What to do :: In the entries that follow, find the line containing "nouvelle conception de"; from there, copy every line exactly through the line containing "Momo dumplings in broth".

Material provided ::
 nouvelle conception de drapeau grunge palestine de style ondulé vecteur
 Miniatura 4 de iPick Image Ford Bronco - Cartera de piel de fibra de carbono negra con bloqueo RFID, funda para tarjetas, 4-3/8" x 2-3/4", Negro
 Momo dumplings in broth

==

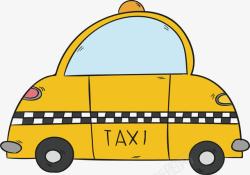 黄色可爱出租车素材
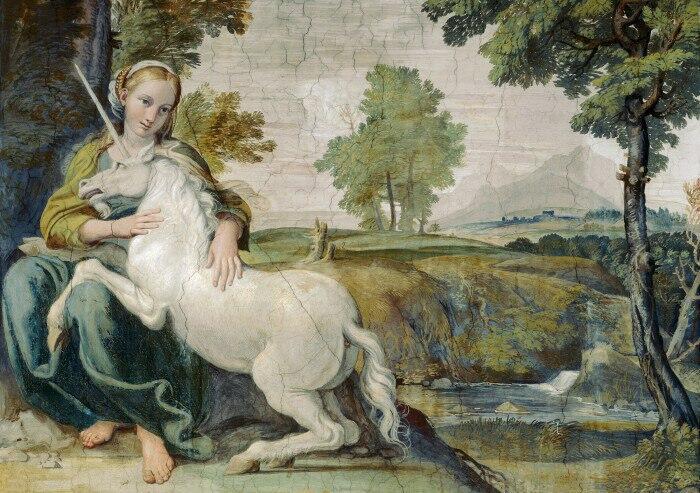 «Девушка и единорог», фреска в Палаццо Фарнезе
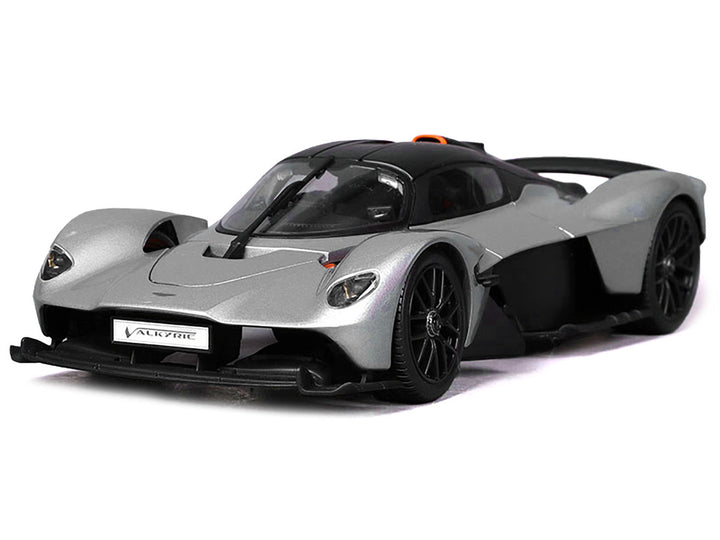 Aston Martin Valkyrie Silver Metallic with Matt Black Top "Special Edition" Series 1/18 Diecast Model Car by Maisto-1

==

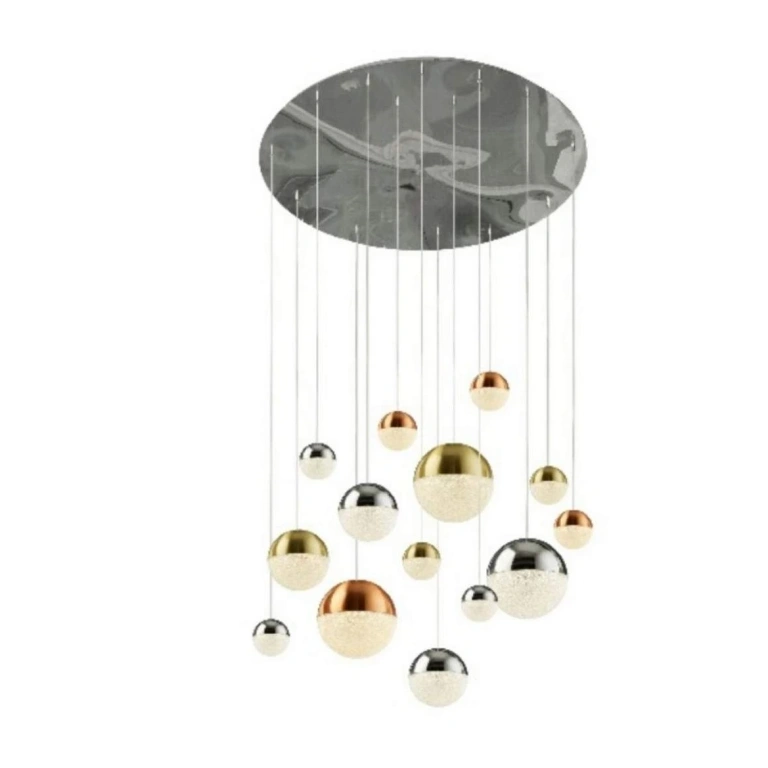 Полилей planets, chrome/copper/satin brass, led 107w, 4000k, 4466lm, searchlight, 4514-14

Finished task ::
 nouvelle conception de drapeau grunge palestine de style ondulé vecteur
 Miniatura 4 de iPick Image Ford Bronco - Cartera de piel de fibra de carbono negra con bloqueo RFID, funda para tarjetas, 4-3/8" x 2-3/4", Negro
 Momo dumplings in broth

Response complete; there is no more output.